Hence the significance of the Coalition’s 18C promise. The last few decades have seen a substantial growth in the number of limitations placed on the freedom of speech. Most iconic of these has been the increasing legislative enactment of the doctrine of ‘hate speech’.

Each Australian jurisdiction (with the exception of the Northern Territory) has its own form of racial vilification laws. The Commonwealth Racial Hatred Act, that introduced section 18C in 1995, was, and remains, the preeminent anti-hate speech law in Australia. And the most stringent. It is worth recalling that the Andrew Bolt case was originally going to be launched in a Victorian court under Victoria’s anti-discrimination law. However, a decision was made that the plaintiffs would have more success under the Commonwealth’s section 18C.

So repealing section 18C, or amending it in such a way that it was effectively neutered, as George Brandis’ exposure draft legislation would have done, would have been highly symbolic.

It was not for nothing that the promise was the hook on which George Brandis hung what he described as the ‘freedom agenda’. When Tony Abbott gave the original promise to repeal section 18C in its current form at an Institute of Public Affairs event in 2012, his speech was titled ‘the freedom wars’. Abbott’s oratory was stirring. The Coalition would be ‘freedom’s bulwark’ in government. Abandoning the section 18C promise was not like abandoning any other election promises in the usual way that new governments do. A bulwark is supposed to provide protection.

So there is a heavy degree of irony that the announcement that section 18C would remain on the books came in the middle of a press conference on national security reforms.

Section 18C was, in the words of the prime minister, ‘a complication’ that put ‘national unity at risk’. In this case the government was quite literally trading liberty for security. It was to drop its promise to restore freedom of speech in the hope it would encourage Muslim communities to assist it with anti-terror measures.

As a political tactic, this is a somewhat strange. Australia’s Muslim leaders did not hesitate to condemn some of the new proposals that they believed targeted Muslims unfairly. The government’s ‘trade’ didn’t survive more than a few hours.

But as a position on public policy it is bizarre. Peter Costello was spot on when he asked in the Herald Sun:

Does the Government believe there are community leaders whose commitment to their fellow citizens and the values of a civilised society is so weak they will not co-operate in preventing terror and murder if Section 18C is repealed? If that is the case we really do have a problem.

Let us hope our anti-terrorism strategy does not really hinge on this legislative quid-pro-quo.
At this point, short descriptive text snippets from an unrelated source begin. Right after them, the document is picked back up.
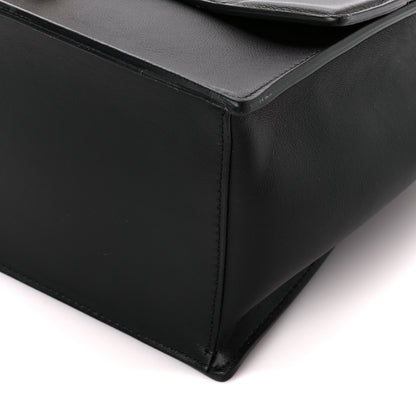 Fendi Vitello Grace Matte Kan U Shoulder Bag Black 11 of 11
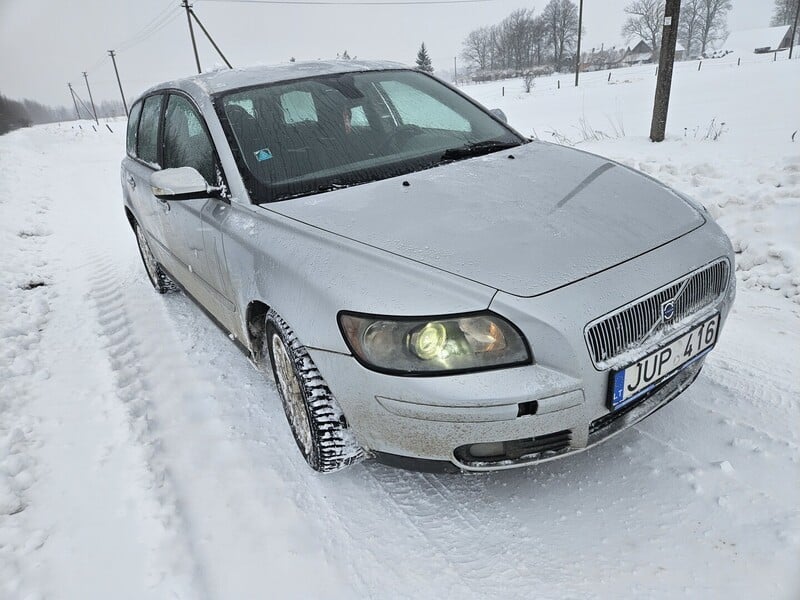 Nuotrauka 1 - Volvo V50 2006 m Universalas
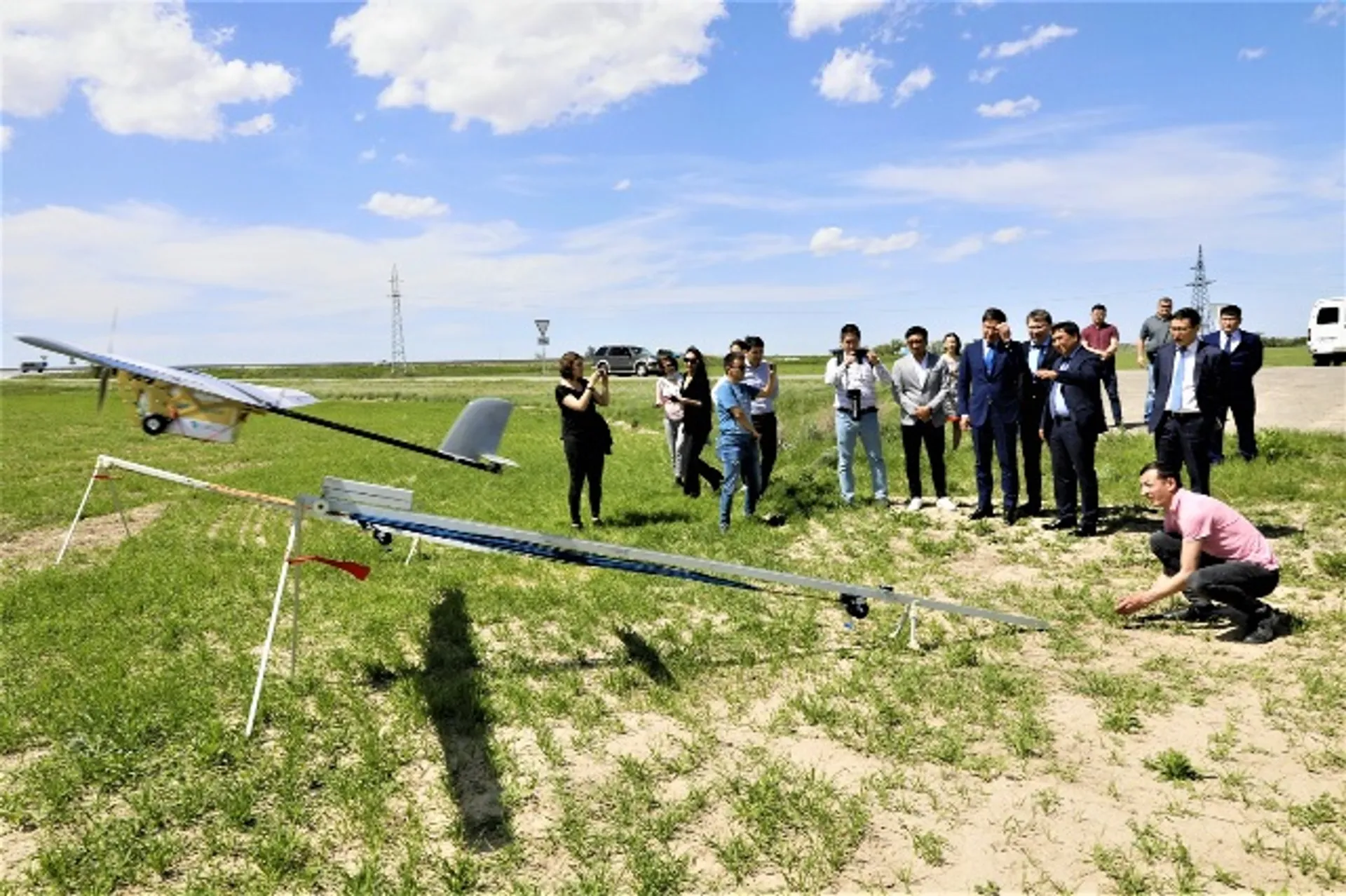 Капитал - Казпочта тестирует новую модель дронов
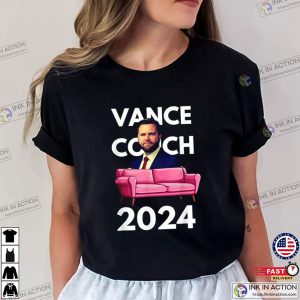 Vance Couch 2024 Funny Meme Election T-Shirt 1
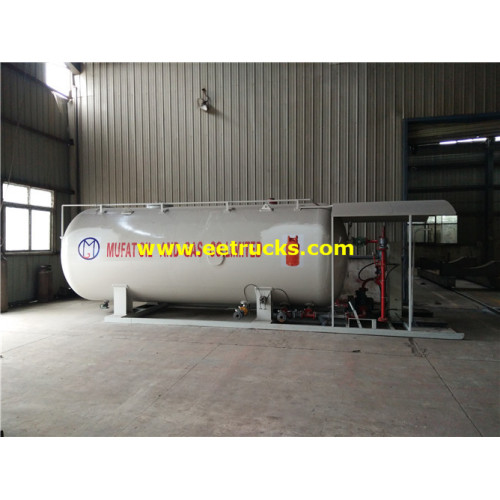 10 Tons Mobile Skid Cooking Gas Plants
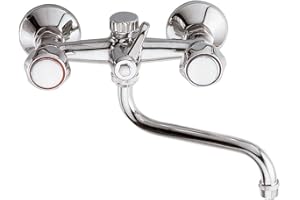 Remer - Rubinetto lavello con Attacco Lavatrice - Serie 1000-2000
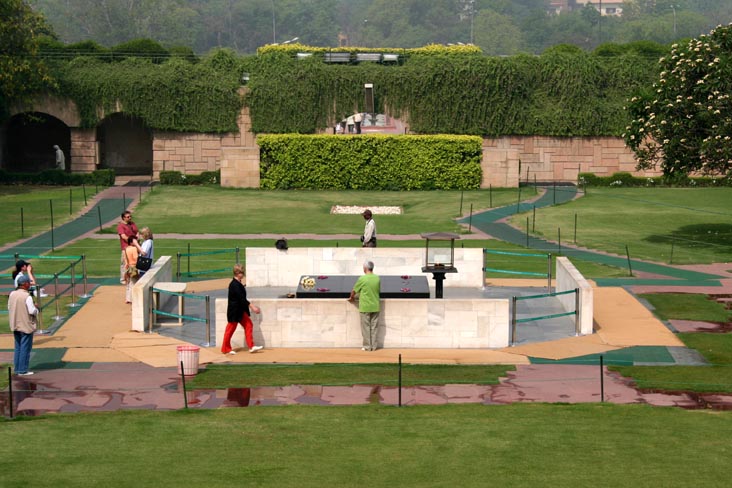 Gandhi Samadhi, Raj Ghat, New Delhi, India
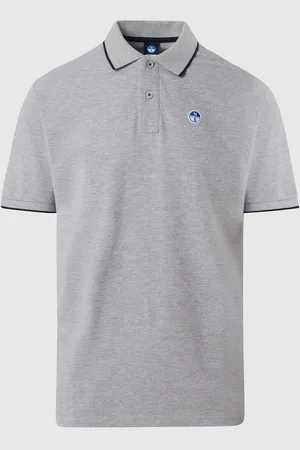 North Sails Polo con logotipo en el cuello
But more critically: what does it say about Australia if a political party elected on a platform of ‘freedom’ — they used the word liberally — drops that platform as a bargaining chip for national security laws? Such laws are, after all, supposed to protect the liberties which have been discarded.

The case for repealing section 18C is as strong as it ever was. Support for substantially amending it — ranging from simply deleting the words ‘offend’ and ‘insult’ from the act to outright abolition of the section 18C — was found across the political spectrum. The Age, the Saturday Age, the Australian, the Herald Sun, and the Courier Mail editorialised against section 18C.

Left wing agitators, human rights lawyers, legal academics, public commentators, aboriginal community leaders, and journalists are all found opposing section 18C as it stands and supporting reform. Figures from Keith Windschuttle to David Marr to Antony Loewenstein agree the act must change. (A full list of supporters of change is available at freedomwatch.ipa.org.au.)

Yet here we are. In the end change has to be fought through the parliamentary system. There will be future cases under section 18C. The section is a very real constraint on our most fundamental liberty. Hopefully future governments will take the freedom of speech challenge seriously.